The other side of the moon: December 2010

Monday, December 27, 2010

Using bandwidth to mitigate latency

[This post is mirrored from the Performance Advent Calendar]

The craft of web performance has come a long way from yslow and the first few performance best practices. Engineers the web over have made the web faster and we have newer tools, many more guidelines, much better browser support and a few dirty tricks to make our users' browsing experience as smooth and fast as possible. So how much further can we go?

Physics

The speed of light has a fixed upper limit, though depending on the medium it passes through, it might be lower. In fibre, this is about 200,000 Km/s, and it's about the same for electricity through copper. This means that a signal sent over a cable that runs 7,000Km from New York to the UK would take about 35ms to get through. Channel capacity (the bit rate), is also limited by physics, and it's Shannon's Law that comes into play here.
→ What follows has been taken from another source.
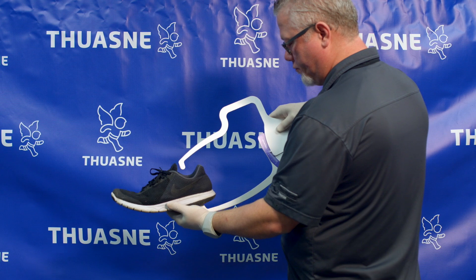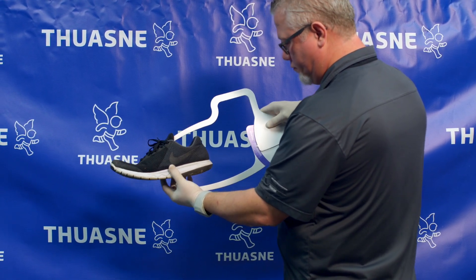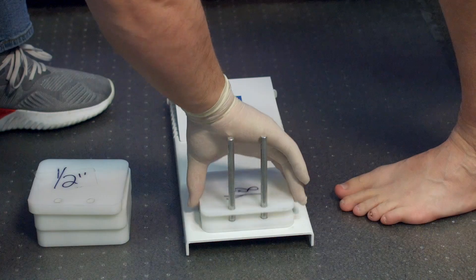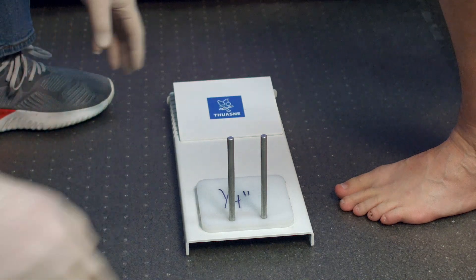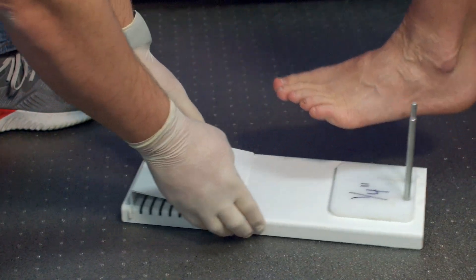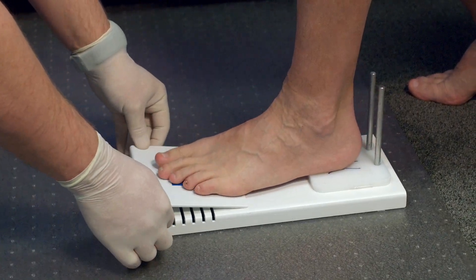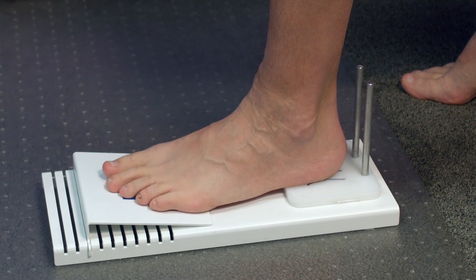Before starting the casting, measure the heel height and forefoot height of the patient's shoe. This will determine the height needed on the casting platform. In this example, we will use 3/8 inches by placing a 1/4 inch block and a 1/8 inch block on the poles of the casting block. Place the toe ramp at the metatarsal break. Make sure the heel doesn't touch the poles in order to maintain the shape of the cast.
This, of course, is the physical layer of our network. We have a few layers above that before we get to TCP, which does most of the dirty work to make sure that all the data that your application sends out actually gets to your client in the right order. And this is where it gets interesting.

TCP

Éric Daspet's article on latency includes an excellent discussion of how slow start and congestion control affect the throughput of a network connection, which is why google have been experimenting with an increased TCP initial window size and want to turn it into a standard. Each network roundtrip is limited by how long it takes photons or electrons to get through, and anything we can do to reduce the number of roundtrips should reduce total page download time, right? Well, it may not be that simple. We only really care about roundtrips that run end-to-end. Those that run in parallel need to be paid for only once.
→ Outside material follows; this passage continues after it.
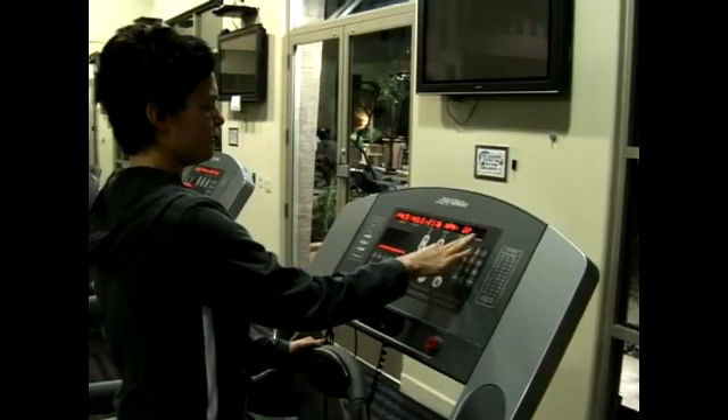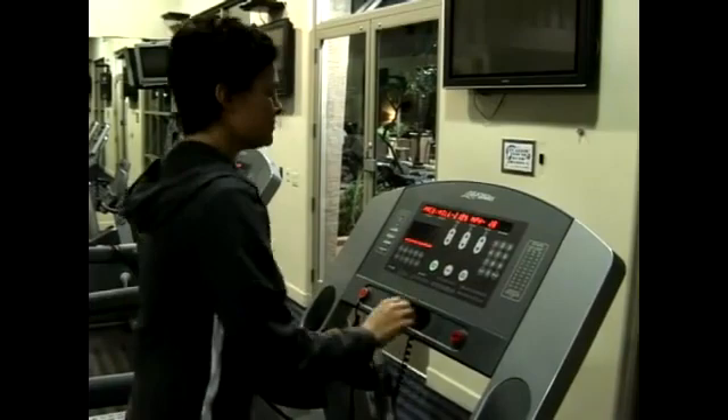After doing a recovery run, the following day should be just a day of rest to let all the muscles repair.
When thinking about latency, we should remember that this is not a problem that has shown up in the last 4 or 5 years, or even with the creation of the Internet. Latency has been a problem whenever signals have had to be transmitted over a distance. Whether it is a rider on a horse, a signal fire (which incidentally has lower latency than light through fibre^[1]), a carrier pigeon or electrons running through metal, each has had its own problems with latency, and these are solved problems.

C-P-P

There are three primary ways to mitigate latency. Cache, parallelise and predict^[2]. Caching reduces latency by bringing data as close as possible to where it's needed. We have multiple levels of cache including the browser's cache, ISP cache, a CDN and front-facing reverse proxies, and anyone interested in web performance already makes good use of these. Prediction is something that's gaining popularity, and Stoyan has written a lot about it. By pre-fetching expected content, we mitigate the effect of latency by paying for it in advance. Parallelism is what I'm interested in at the moment.

Multi-lane highways

Mike Belshe's research shows that bandwidth doesn't matter much, but what interests me most is that we aren't exploiting all of this unused channel capacity. Newer browsers do a pretty good job of downloading resources in parallel, and with a few exceptions (I'm looking at you Opera), can download all kinds of resources in parallel with each other. This is a huge change from just 4 years ago. However, are we, as web page developers, building pages that can take advantage of this parallelism? Is it possible for us to determine the best combination of resources on our page to reduce the effects of network latency? We've spent a lot of time, and done a good job combining our JavaScript, CSS and decorative images into individual files, but is that really the best solution for all kinds of browsers and network connections? Can we mathematically determine the best page layout for a given browser and network characteristics^[3]?

Splitting the combinative

HTTP Pipelining could improve throughput, but given that most HTTP proxies have broken support for pipelining, it could also result in broken user experiences. Can we parallelise by using the network the way it works today? For a high capacity network channel with low throughput due to latency, perhaps it makes better sense to open multiple TCP connections and download more resources in parallel. For example, consider these two pages I've created using Cuzillion:

Have a look at the page downloads using FireBug's Net Panel to see what's actually happening. In all modern browsers other than Opera, the second page should load faster whereas in older browsers and in Opera 10, the first page should load faster.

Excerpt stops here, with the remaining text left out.